A la Fraternité de Grand-Baie, 4 bénévoles se chargent de l’accompagnement. Mais l’association n’a pas pour mission de faire respecter les obligations du contrat social, c’est le rôle de la National Empowerment Foundation.
? Définir et faire respecter le contrat social
Au Pont du Tamarinier, les familles n’ont pas signé de contrat social, mais celles qui bénéficieront des plans de relogement futurs avec cette association en signeront bien un. «Chaque famille doit connaître ses droits et ses devoirs. Le contrat social doit stipuler par exemple les règles de comportement au sein du village : le respect des autres, l’entretien de la maison… Concernant l’obligation d’envoyer ses enfants à l’école, il y a déjà la loi. C’est donc à l’Etat de la faire appliquer, pas aux associations. Mais il y a trop laxisme : pas d’assistants sociaux pour faire le lien entre l’école et les familles, pas de suivi, pas de sanction», fait remarquer Sylvie Gravil, du Pont du Tamarinier.
A Sottise, le contrat social de la NEF précise que les enfants doivent être scolarisés justement, que les adultes doivent trouver un travail, que les règles de bon voisinage doivent être respectées, que les activités commerciales sur place sont interdites dans les maisons… Mais à Sottise, la situation peut paraître injuste : les familles qui ont bénéficié de la construction d’une maison NHDC ont signé un contrat social avec la NEF. Les autres qui ont bénéficié d’un terrain n’y sont pas soumises.
Des familles en attente
L’année dernière, l’association Le Pont du Tamarinier avait convaincu des entreprises de contribuer à hauteur de 11 millions pour reloger 38 familles de squatters de Rivière-Noire.
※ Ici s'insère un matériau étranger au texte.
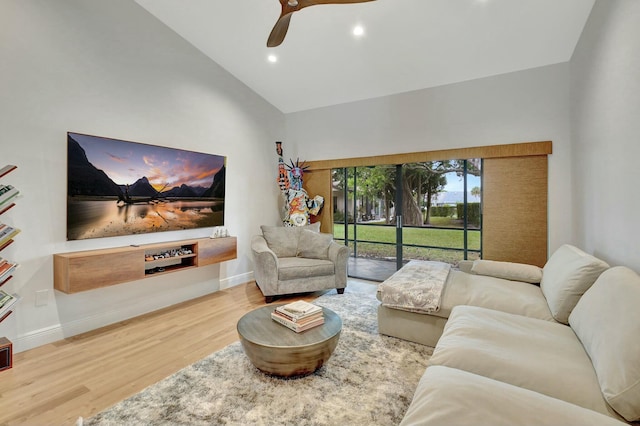 living room with hardwood / wood-style flooring, high vaulted ceiling, and ceiling fan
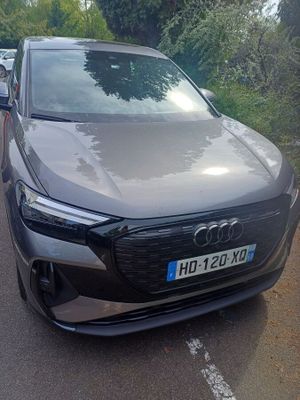 audi ' s new electric suv is parked on the side of the road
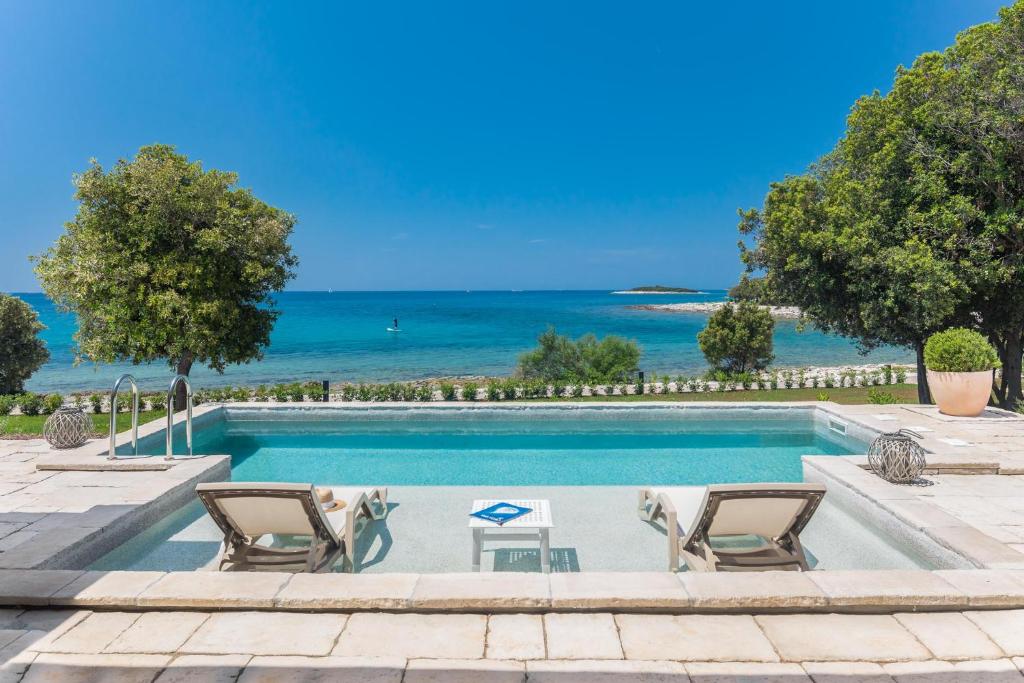 einen Pool mit Stühlen und das Meer im Hintergrund in der Unterkunft Luxury Glamping Beach Villas Porto Bus in Bale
Ces familles vivent dans un Camp, appelé Carré d’As, à proximité de London Way. Pour le relogement, l’association a reçu en don d’une famille un terrain dans le quartier Bougainvilliers. Malheureusement, ce projet n’a pas encore obtenu les autorisations administratives nécessaires pour aller de l’avant.
• Le Pont du Tamarinier : tamarinier@gmail.com
Maisons écologiques
Grâce à un bienfaiteur étranger, des maisons écologiques en bois devraient sortir de terre dans le Nord . «Cet entrepreneur social a promis de prêter 2 à 4 millions à notre association en vue de construire des logements esthétiques et écologiques pour des familles défavorisées mais méritantes », annonce avec enthousiasme Paul Narrainen, président de l’association La Fraternité de Grand-Baie. L’association lance un appel pour trouver un terrain dans le Nord. « Nous avons déjà sélectionné 20 familles, à qui nous souhaiterions bien faire un prêt sans intérêt », annonce Paul Narrainen, le président de la Fraternité de Grand-Baie. Un autre projet trotte déjà dans sa tête : construire une maison de retraite pour personnes âgées démunies.